Figure 3. Composite of individual H I images of Coma spirals observed with the VLA. Galaxies are shown at their proper position and they are magnified by a factor 7. The H I images (contours) are overlaid on DSS optical images (greyscale). The large scale contours sketch the X-ray emission as observed by Vikhlinin et al. (1997). From Bravo-Alfaro et al. 2000.

Figure 4

Figure 4. Distribution of H I deficiency parameter as a function of the projected distance from the center of Coma. Filled circles correspond to H I detected galaxies and triangles to the lower limits of the deficiency parameter for the galaxies that are not detected in H I. From Bravo-Alfaro et al. 2000.

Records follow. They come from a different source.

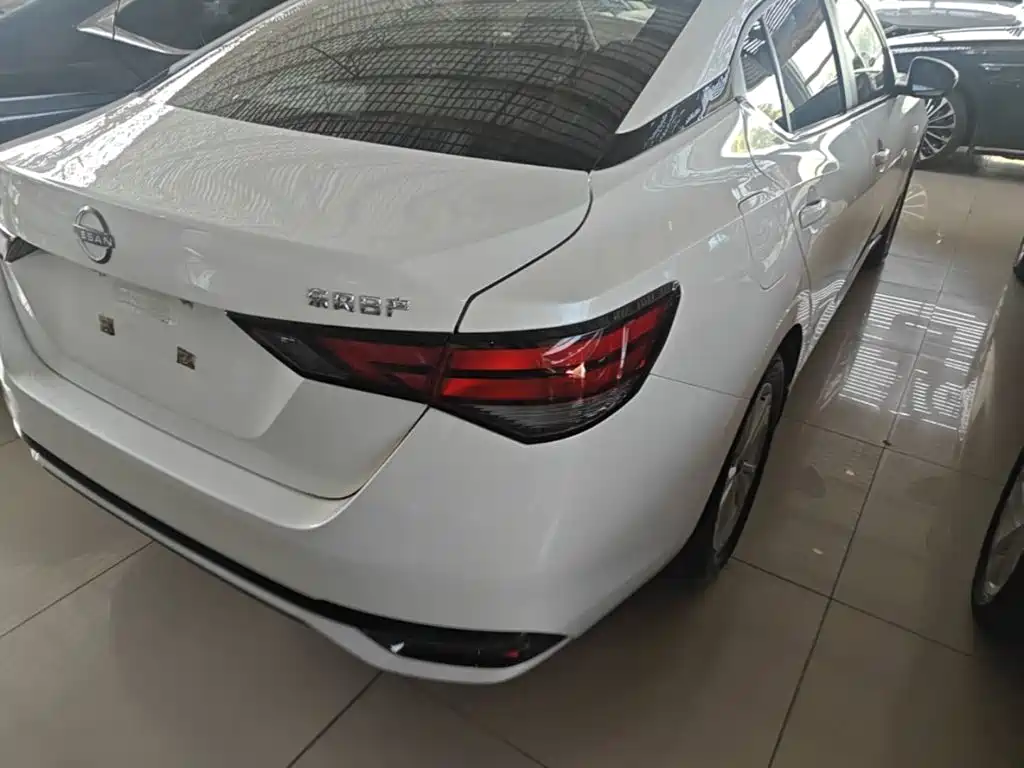Nissan Sylphy — миниатюра 8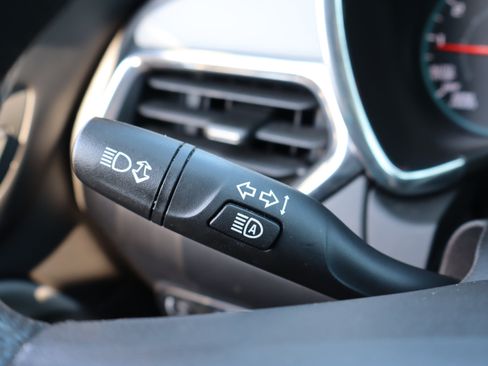 Used 2022 Chevrolet Equinox LS FWD image 21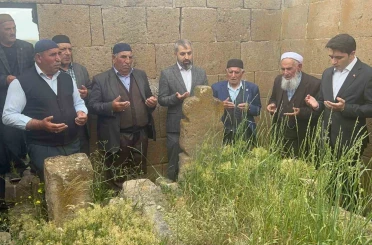 Tekman Kaymakamı Demirkol’dan Şeyh Süleyman Efendi Türbesi’ne ziyaret 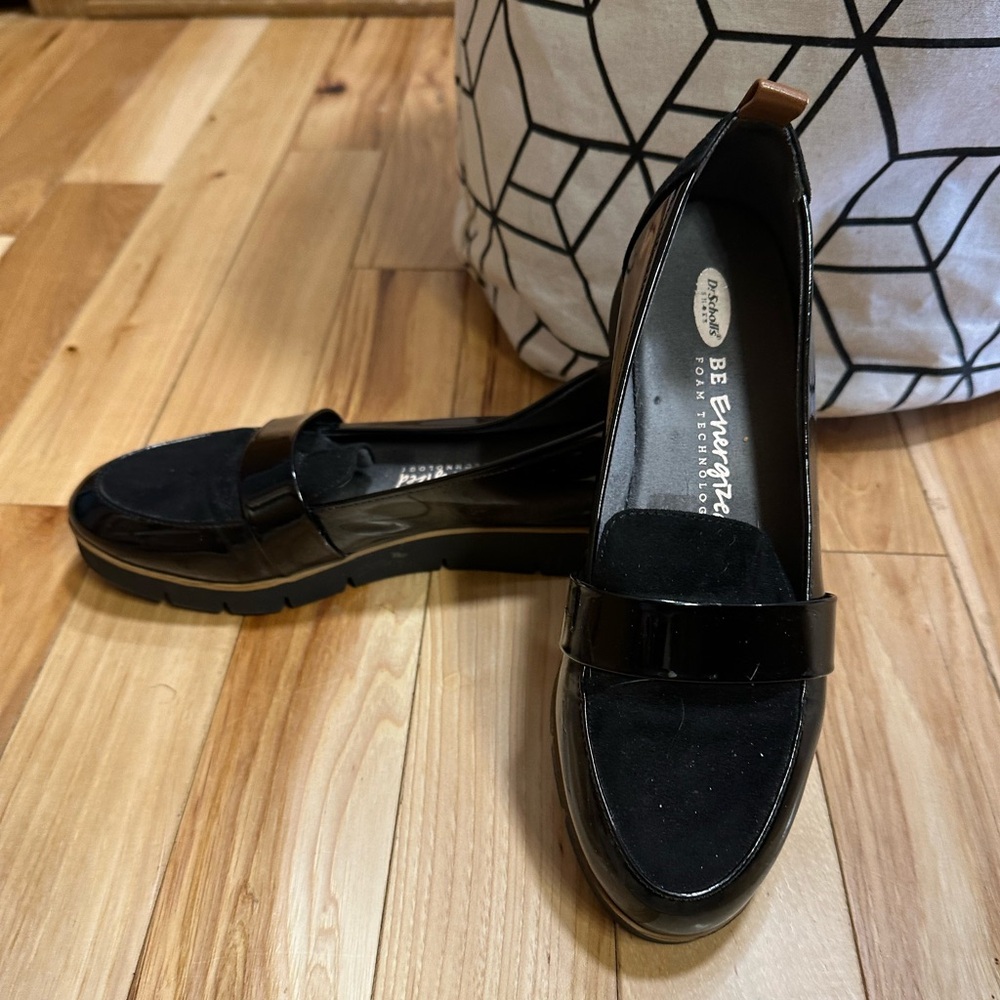 Dr Scholl’s patent and sueded microfiber black loafer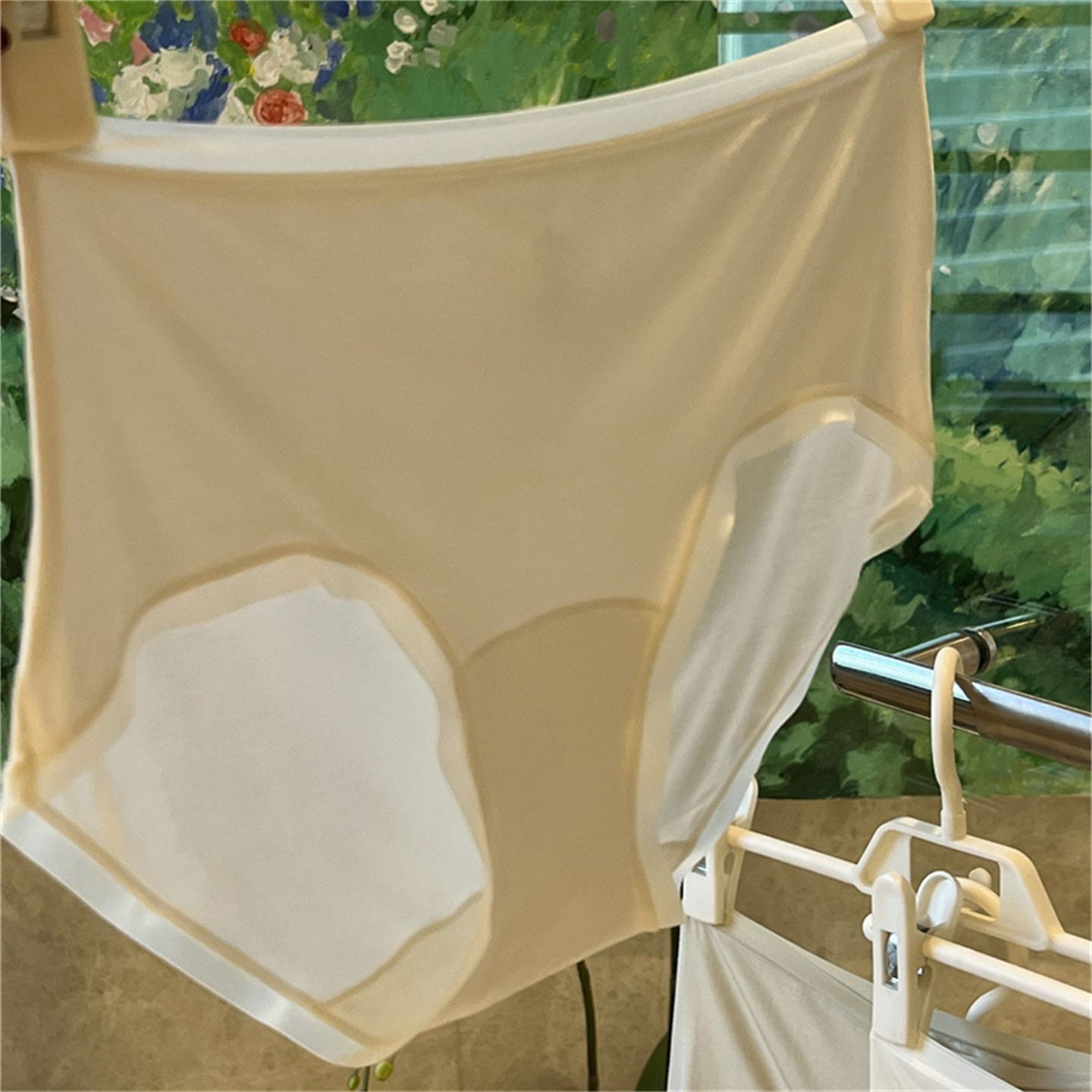 2026年夏季女士无痕透气中腰三角内裤薄款舒适底裤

Imaging of Virgo and Coma indicates that H I disks that are smaller than the optical ones may be generic to cluster galaxies. Numerical simulations show that this is what you expect from ram pressure stripping. Abadi et al. (1999) show the results of a simulation with a constant ram pressure typical of the Virgo Cluster ICM and galaxies moving with relative velocities of 1000 km/s for galaxies of different size. The dependence of stripping radius on disk scale length (plotted in their Figure 3) is consistent with the result found by Cayatte et al. (1994). Even more impressive is the result of Vollmer et al. (2001) shown in Figure 5. The simulation specifically models galaxies on radial orbits through the Virgo potential. The figure plots H I deficiency versus H I to optical diameter. Both the model data (stars) and observed values (Cayatte et al. 1994) are shown. The solid line corresponds to a model where only the outer parts of the disk get stripped and the constant central H I radial surface density remains unchanged in the stripping process.

Figure 5

Figure 5. Normalized H I to optical diameter as a function of the H I deficiency for the Virgo Cluster. Squares: observed values (Cayatte et al. 1994); stars: model values. The solid line assumes that the H I surface density has the same value before and after the stripping event. From Vollmer et al. 2001.

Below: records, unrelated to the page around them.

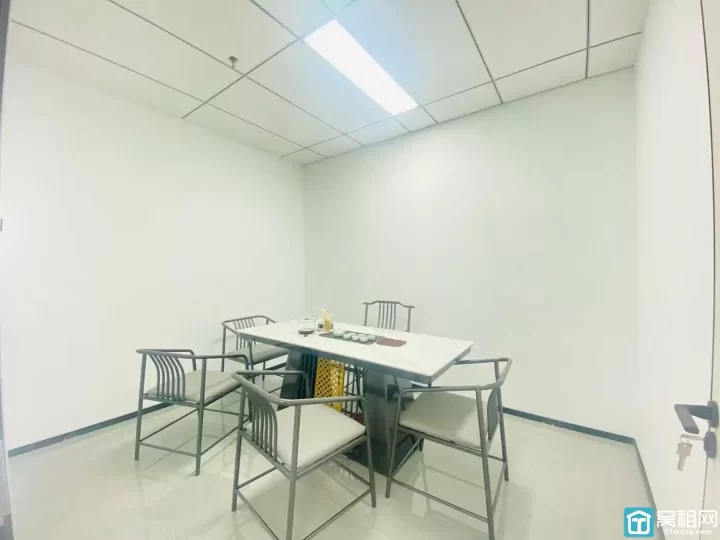 江北湾头山姆超市旁星湖中心面积145平方 好楼层看湖景7800元租金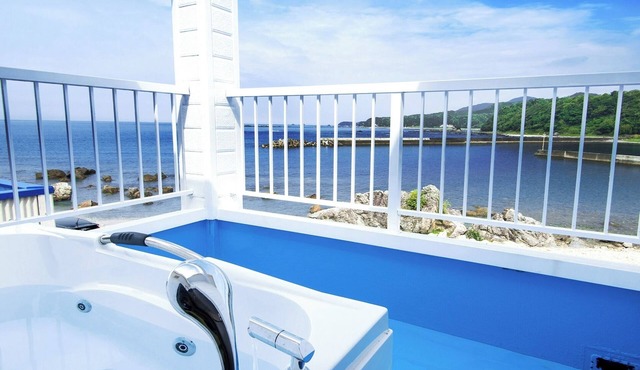 BBQ and breakfast included Nonsmoking Twin room with outdoor jacuzzi no pets allowedocean vie /Higashimurogun Wakayama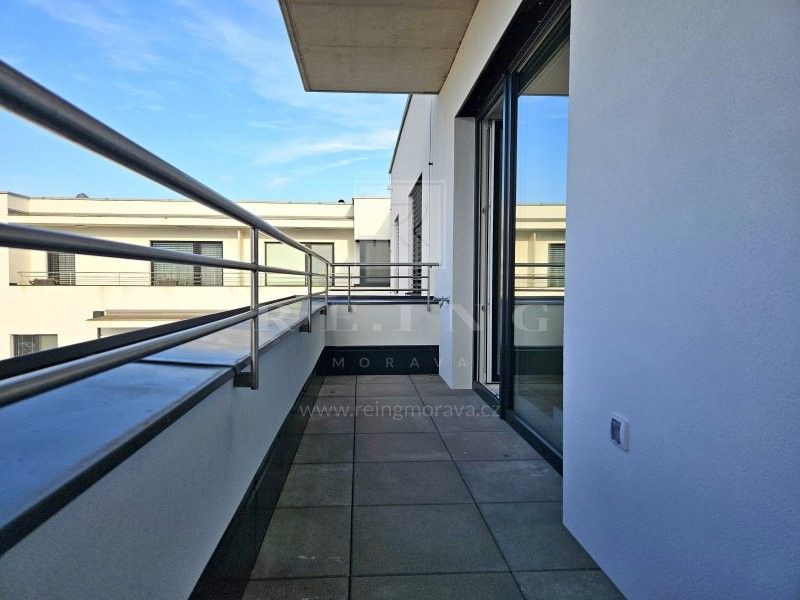 Pronájem byt 1+kk - Jižní, Brno, 35 m²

Vollmer in a series of papers (Vollmer 2003; Vollmer et al. 2001b; Vollmer et al. 2000; Vollmer et al. 1999) tries to reproduce observed gas distribution and kinematics of selected Virgo spirals with his N-body/sticky particle simulations. The galaxies are selected based on their H I morphology and all show truncated H I disks. This is the first time ever that both gas distribution and kinematics are put to test in comparison with models. In several cases the simulations can reproduce the observed signatures in the gas and all of these galaxies are found to be on their way out of the cluster having passed through the dense center. In one case (NGC 4654) Vollmer (2003) shows that both ram pressure stripping and a gravitational interaction must be at play.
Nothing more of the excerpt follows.